Pourquoi doit-on parler des livres que l’on n’a pas vus ? C’est la mission que les éditions du Cerf nous ont pourtant assignée.

Les Éditions du Cerf, dans un souci, j’imagine, de bonne gestion, ont refusé de nous consentir un service de presse pour leur récent coffret consacré à La Bible dans les littératures du monde. Il est vrai qu’imposer le transport d’un ouvrage en deux volumes de 3,7 kg à la Poste ou à quelque messagerie (faute d’ange ?) eût été inconvenant socialement, même s’il semble que le monstre soit parvenu à certaines adresses, et pas seulement à La Croix. Eussions-eu l’occasion (non sumus digni ?) de jeter un œil dans ce monumental ouvrage que nous aurions pu souligner le travail des éditeurs (scientifiques) Yves Chevrel et Jean-Yves Masson, avec lesquels nous avions naguère eu l’occasion de collaborer à une Histoire des traductions tout aussi volumineuse…

Comme nous refusons de parler d’un livre à partir d’une simple notice publicitaire énumérant la liste en apparence séduisante des innombrables collaborateurs, nous sommes restés sur notre faim. Saine pénitence sans doute.

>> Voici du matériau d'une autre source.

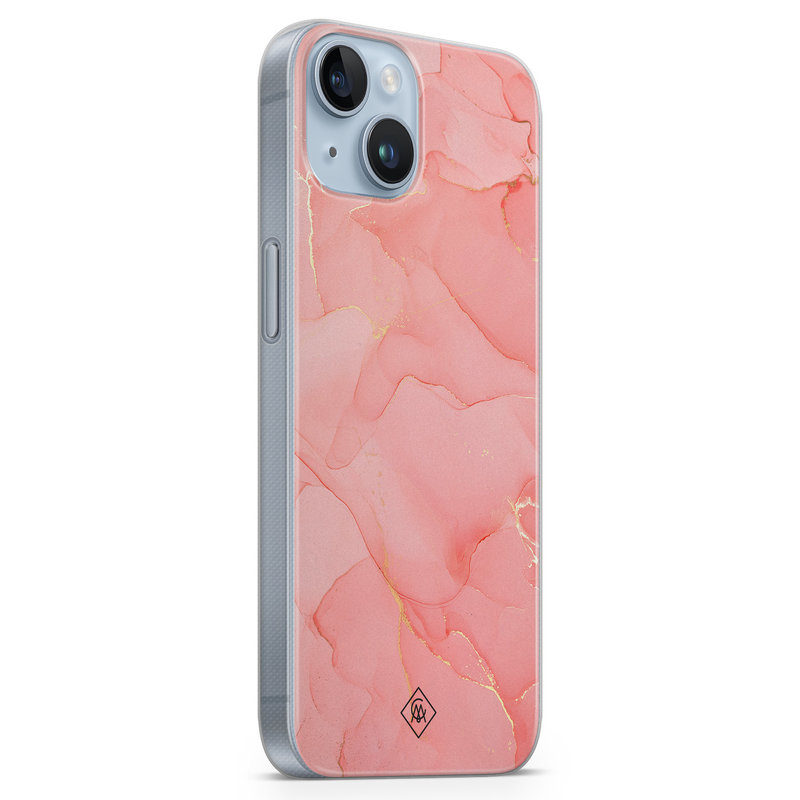 Casimoda iPhone 14 Plus siliconen hoesje - Marmer roze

Si nous avions pu jeter un œil timide sur les notices consacrées à la présence de la Bible dans telle ou telle littérature – on sait que bien des langues, à commencer par l’allemand de Luther ou l’anglais de la Bible du roi James, se sont formées au contact de la Bible – nous aurions peut-être souligné avec bienveillance la valeur de certaines (« un tour de force », aurions-nous dit sans doute) tout en déplorant la faiblesse éventuelle d’autres (c’est la loi du genre). Nous aurions également mis en vedette certaines signatures par exemple, qui sait ?, le poète anglo-français Michaël Edwards  ou exprimé notre intérêt naïf pour des imprégnations plus exotiques (la Chine).

Voire, peut-être eussions-nous été tentés par une (brève) méditation sur la présence des contenus bibliques dans la littérature occidentale et sur la fragile transmission profane, aujourd’hui, de ces mêmes contenus : allons-nous vers une société à ce point déchristianisée que des figures comme Adam et Éve, Abraham et son fils Isaac, Lucifer et Gabriel (Milton, Hugo, Claudel !) et les paraboles des Évangiles (comme celle des talents enfouis…) deviendront lettre morte ou souvenir vague, sauf au sein de petites communautés sectaires  ? Est-il utile de transmettre ce considérable héritage culturel aux enfants, dans sa profonde poésie  ? La laïcité interdit-elle ce qui peut sembler une forme de prosélytisme ?  Problème en fait assez urgent.

Mais comme nous n’avons pas pu prendre connaissance de cet ouvrage qualifié curieusement de « pharaonique », Dieu merci, si je puis dire, ce pensum nous a été épargné et notre bibliothèque s’en trouve allégée de 3,7 kg.